CENTREVILLE, Mich. (WOOD) — A 9-year-old boy accused of killing his mom — the youngest ever charged with murder in Michigan — went home with his dad on Friday after a judge dismissed all the charges.
St. Joseph County Family Division Judge David Tomlinson ruled the boy was not competent to stand trial.
The small boy, a third-grader, turned and hugged his dad and cried.
But before the ruling, the judge criticized a state law that won’t allow him to order help for the boy.
“I’m not happy with the state of the law,” the judge said. “This case disturbs me more than any case I’ve ever dealt with.”

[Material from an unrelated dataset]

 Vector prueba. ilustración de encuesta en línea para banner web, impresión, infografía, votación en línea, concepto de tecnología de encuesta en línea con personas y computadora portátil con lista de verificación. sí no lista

St. Joseph Chief Assistant Prosecutor Josh Robare told the judge he fears the boy could kill again without treatment.
“A murderer will be released, putting everybody at risk in the community,” Robare said. “There are no further steps to take to ensure this won’t happen again, no rehabilitation to ensure the safety of others.”
“The court shares your concern,” the judge responded.
Even the defense attorney questioned the law.
“I can’t imagine the prosecutor not being concerned about a case being dismissed with prejudice against somebody accused of killing someone,” attorney T.J. Reed told News 8.
The boy is so short his feet couldn’t touch the floor as he sat before the judge Friday in a courtroom closed to our cameras.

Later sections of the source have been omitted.